All procedural requirements were complied with except that plaintiff was deprived of his pay during the time he was placed on annual leave. This period was charged against his accrued annual leave, to which plaintiff was entitled as of right; thus he has been deprived of his pay for this 30-day period. This was done pursuant to the provisions of the Civil Service regulations (5 CFR, 22.2 (c) 1949 ed.). This reads:

Status of employee during period of advance notice. Whether the employee is given thirty (30) days advance notice, under paragraph (a) of this section, or less than thirty (30) days notice under paragraph (a) (2) of this section, he shall be retained in an active duty status during such notice period, except that in cases where the circumstances are such that the retention of the employee in an active duty status may result in damage to Government property, or may be detrimental to the interest of the Government, or injurious to the employee, his fellow workers or the general public, the employee may during the notice period be temporarily assigned to duties in which these conditions would not exist, or placed on annual leave, provided he has sufficient leave to his credit to cover the required period, or placed on leave without pay with his consent. No suspension during such notice period can be effected except as provided in :§ 9.102 (a) (1) of this chapter. The reasonableness of the applications of such exceptions in any case will be considered in connection with the entire case in the event that the employee subsequently appeals from the final adverse decision reached by the administrative officer.

However, there is nothing in the statute which permits this enforced leave to be charged against an employee’s *391annual leave. The Act says that “no permanent or indefinite preference eligible * * * shall be discharged * * * and the person whose discharge * * * is sought shall have at lease 30 days’ advance written notice.” This means, we think, that he shall have 30 days’ notice in advance of his discharge, which means in advance of his being separated from the payroll. The regulation of the Civil Service Commission quoted above would deprive the preference eligible of this right. It would permit his separation from the payroll eo instante. This is in conflict with the Act and is, therefore, invalid.

We are of the opinion that plaintiff is entitled to recover his salary for this 30 days.

The decision of the Civil Service Commission upholding plaintiff’s discharge is final and conclusive on us, since all procedural requirements were substantially complied with. Section 14 of the Veterans’ Preference Act requires the giving of 30 days’ advance notice, setting forth the charges, in order that the employee might have the opportunity to answer the charges in person and in writing, and to furnish affidavits in support of his answer. The right to answer and to support his answer was the right safeguarded. The fact that he was deprived of his pay for this 30-day period did not deprive him of this right. It did nothing to hinder him in the presentation of his answer to the charges and to deprive him of the opportunity of showing that his discharge was unjustified. All other procedural requirements were complied with. It is for this reason that we say that the procedural requirements were substantially complied with, and, therefore, that his discharge must be upheld. Croghan v. United States, 116 C. Cls. 577; Wittner v. United States, 110 C. Cls. 231; Love v. United States, 119 C. Cls. 486; Eberlein v. United States, 257 U. S. 82; Keim v. United States, 177 U. S. 290.

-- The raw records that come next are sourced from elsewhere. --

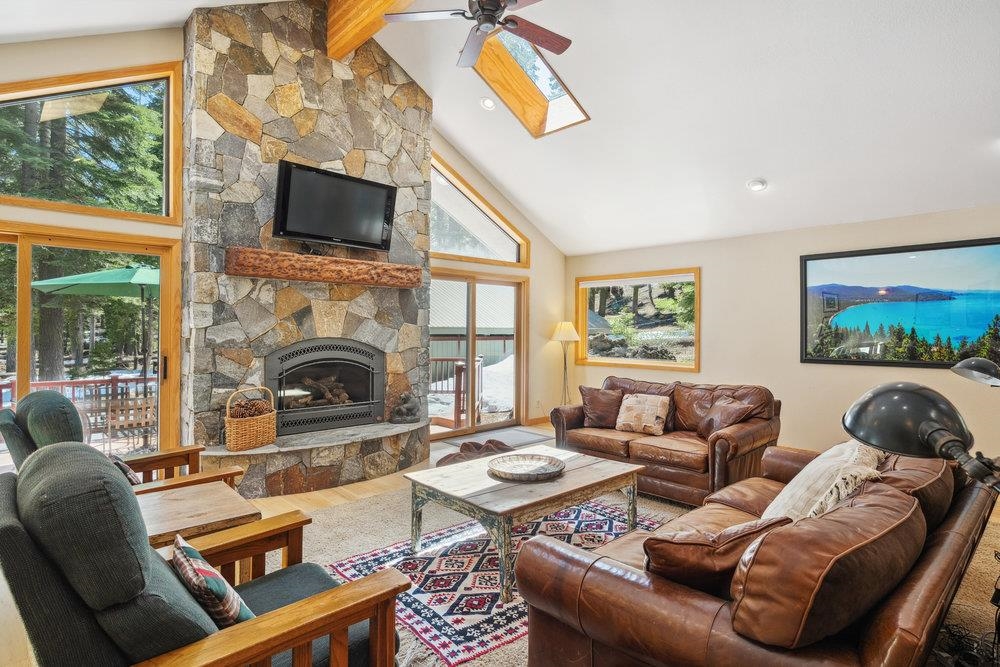 2700 Rustic Lane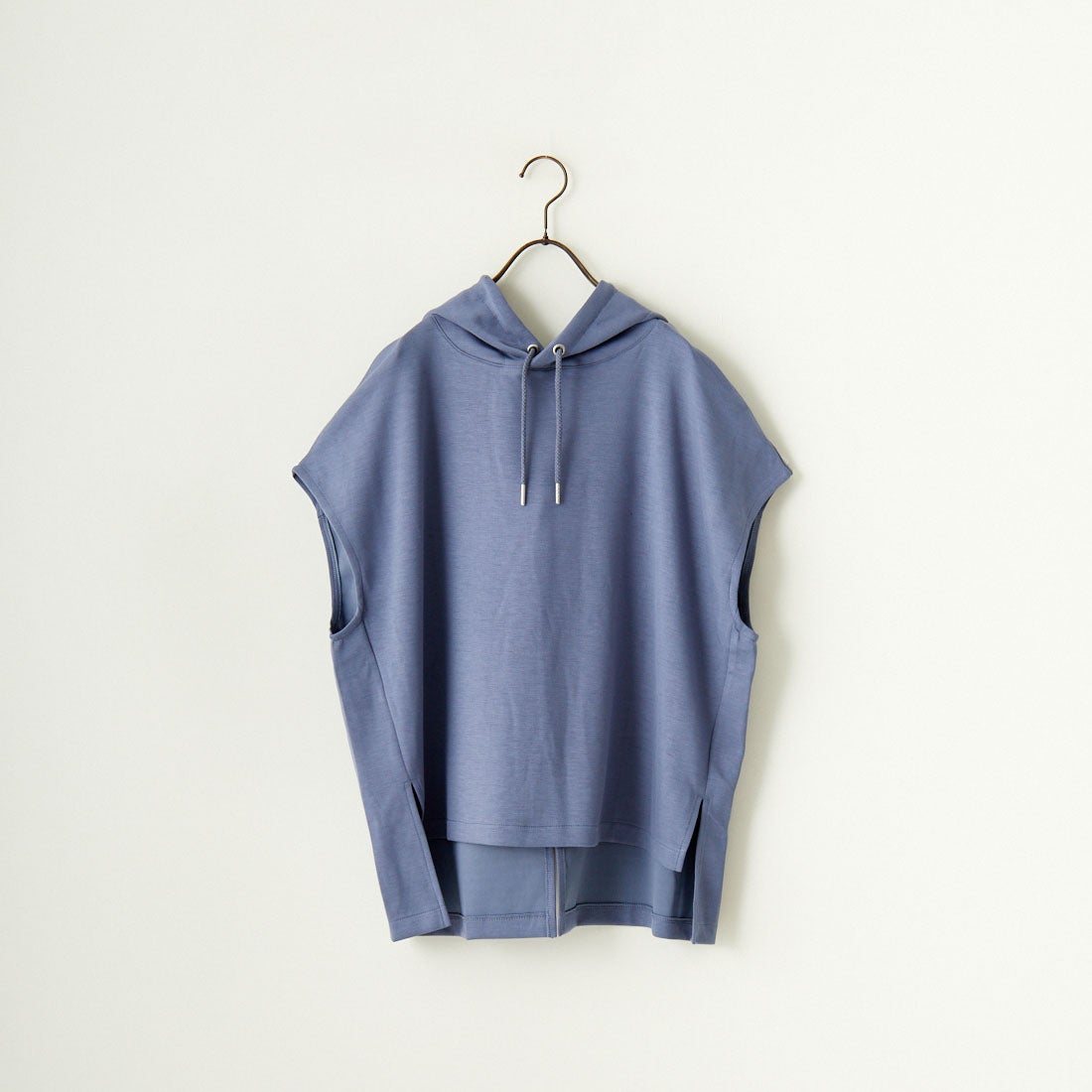 12 BLUE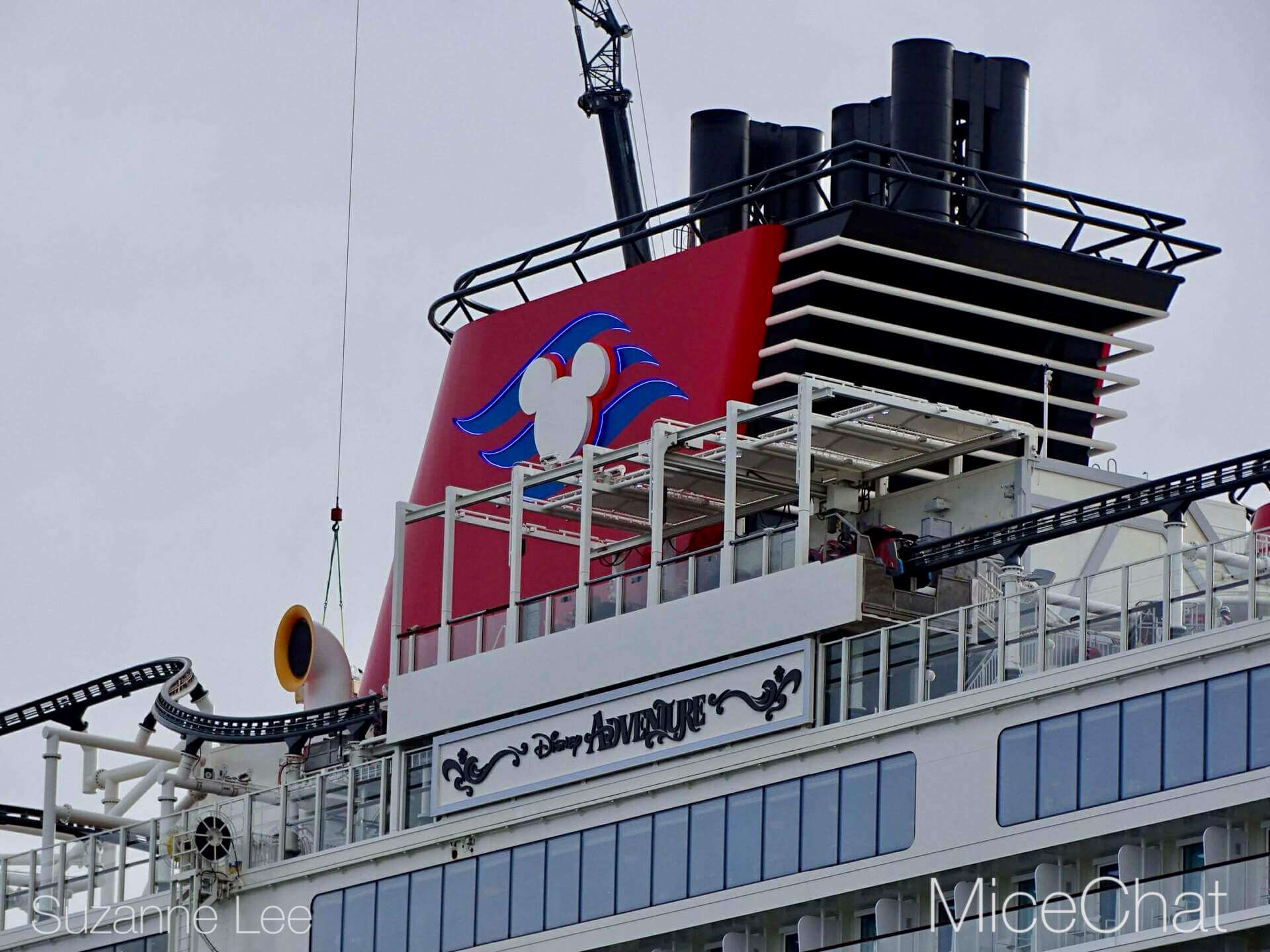 Disneyland Update, DISNEYLAND UPDATE: Sold-Out Parks, Opera House Split & Chaotic Construction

But the deprivation of his pay for this 30-day period is another matter. He was unlawfully deprived of this pay and we think he is entitled to recover it.

Judgment will be suspended until the incoming of a stipulation of the amount due plaintiff, computed in accordance with this opinion, or, in default of the filing thereof in 30 *392days, until the incoming of a report of a commissioner showing the amount due.

LittletoN, Judge; and JoNes, Chief Judge, concur.